Hugh Maguire left the Army in 1946, and retired from the Reserve in 1951. But the mutual regard between the two never diminished as the years rolled by. The guard of honour which was present at St Columba's Church in Iona Road last Friday was able to give the Army's last respects to this great old soldier and gentleman. Men from the 2nd Cavalry Squadron, as it now is, bore his Tricolour-draped coffin from the church and to the hearse; and an 18-strong firing party gave him his last salute in Sutton cemetery.

Hugh's was a remarkable life. He was born in 1896, the year Lady Gregory met Yeats and before Synge had ever visited the Aran islands and Joyce was still a youngster at Clongowes.
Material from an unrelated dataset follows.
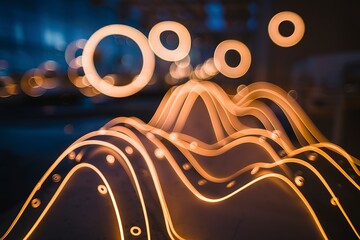 A photo of abstract orange glowing lines with a bokeh effect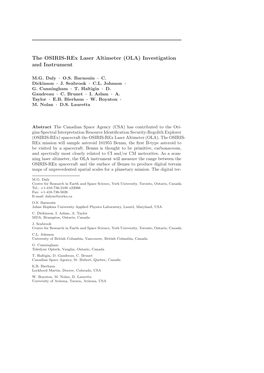 The OSIRIS-Rex Laser Altimeter (OLA) Investigation and Instrument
Gladstone, whose last Home Rule Bill had been defeated in 1894, had two more years to live; Victoria had another five years of life in her, and her empire stretched across the world. There had been no Gaelic or cultural revival. Ireland was a poor, depressed and depressing country, from which the young, the bright, the energetic fled.

Vibrant Country

The Ireland from which Hugh finally departed last week is a young, self-confident and vibrant country, at ease with itself sure of its culture and its place in the world. Not all of the dreams of Hugh's generation have come to pass, but what has been achieved is worthy of pride.

Hugh Maguire served his country and his people well. It was good to see that the Army which he loved so dearly gave him the honours he so richly deserved; and somewhere in Cavan there is a family which owes him more than they can ever know. His deed of that day in 1922 was the deed of a true Republican and deserves to be remembered. May he rest in peace.